Wright BrosDecember 17th, 1903 was when the Wright brothers had their first successful flight at Kitty Hawk, NC. I know this because of the fascinating 30-minute lecture and following 30-minute film at the Wright brothers Memorial Park, three miles from where we are vacationing in Kitty Hawk.

Without really looking into it, I had always assumed that the invention of powered flight was kind of a hit-and-miss thing, much like Edison ploddingly trying a thousand things inventing his light bulb, but not so. The Wrights were really bright guys who, though their main business was running a bicycle shop in Dayton, Ohio, truly proved to be both scientists and engineers. These guys were amazing. They carefully planned and calculated all of their moves, starting with segmenting the four main problems of controlled flight - pitch, roll, yaw, and thrust - solving each separately then putting it all together in the Wright Flyer of 1903.

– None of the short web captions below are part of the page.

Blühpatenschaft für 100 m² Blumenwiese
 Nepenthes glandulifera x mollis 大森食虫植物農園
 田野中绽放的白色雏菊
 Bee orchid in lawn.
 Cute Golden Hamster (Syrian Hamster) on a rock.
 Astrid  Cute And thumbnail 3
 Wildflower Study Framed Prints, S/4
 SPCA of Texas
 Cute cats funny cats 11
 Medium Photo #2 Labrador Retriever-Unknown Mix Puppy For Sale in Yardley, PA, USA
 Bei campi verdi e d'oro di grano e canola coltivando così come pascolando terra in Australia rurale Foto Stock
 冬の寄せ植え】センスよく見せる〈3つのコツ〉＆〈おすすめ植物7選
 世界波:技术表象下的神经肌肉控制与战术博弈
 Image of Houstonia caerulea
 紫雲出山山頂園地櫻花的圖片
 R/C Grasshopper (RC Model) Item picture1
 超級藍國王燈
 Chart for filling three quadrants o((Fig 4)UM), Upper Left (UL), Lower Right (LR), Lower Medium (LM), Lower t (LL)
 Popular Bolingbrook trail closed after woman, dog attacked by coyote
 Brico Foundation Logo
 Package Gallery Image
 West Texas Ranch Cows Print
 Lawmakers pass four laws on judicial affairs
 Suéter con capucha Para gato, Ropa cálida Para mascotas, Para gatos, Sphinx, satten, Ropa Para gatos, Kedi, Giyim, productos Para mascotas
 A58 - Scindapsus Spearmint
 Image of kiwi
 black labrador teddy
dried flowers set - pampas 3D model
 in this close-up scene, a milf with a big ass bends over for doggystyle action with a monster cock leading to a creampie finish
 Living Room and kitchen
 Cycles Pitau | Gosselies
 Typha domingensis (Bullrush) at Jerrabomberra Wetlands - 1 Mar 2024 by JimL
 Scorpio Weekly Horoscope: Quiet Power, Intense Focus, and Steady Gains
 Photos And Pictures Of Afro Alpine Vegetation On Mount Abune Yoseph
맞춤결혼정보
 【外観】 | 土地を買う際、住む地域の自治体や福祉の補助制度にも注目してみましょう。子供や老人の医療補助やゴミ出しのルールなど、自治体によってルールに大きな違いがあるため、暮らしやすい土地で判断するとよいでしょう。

Not only did they research and work out the theory, but they did exhaustive modeling and testing; starting with kites, scaling up to gliders and then finally the powered machine. They developed their own test and measuring tools, including a wind tunnel to test wing designs, and worked out how to measuring lift and drag using a tension scale, compass, and basic trigonometry (to optimize the wing shape).

All the elements first came together in their 1902 glider, which they tested successfully. The only thing left was to add power for thrust.

Again, they had to invent the necessary elements. When no car company would build them the type of engine they needed, they improvised their own simple but ingenious four-piston engine cast in aluminum. They then also had the insight to design their propeller to act like a wing, and optimized the shape so accurately that they were within a few % of what you would optimize with modern technology. Orville, hacked, carved, shaped and polished the propellers himself. The one engine powered two propellers, which were driven by essentially bicycle chains mounted through bicycle frame tubing.

They accomplished the whole thing in a well thought out systematic and truly scientific way, having to invent most of what they needed as they solved one problem after another. I found it to be so much the more impressive because of that - their methodology.

The lesson for traders or investors designing a system is to observe from different perspectives to gain insight, segment problems into more manageable components, transfer ideas from other disciplines or seemingly unrelated areas, try to establish some theoretical basis for why what you are attempting should work, build models, test, and optimize. Also, you need to be persistent, adaptable, and resourceful.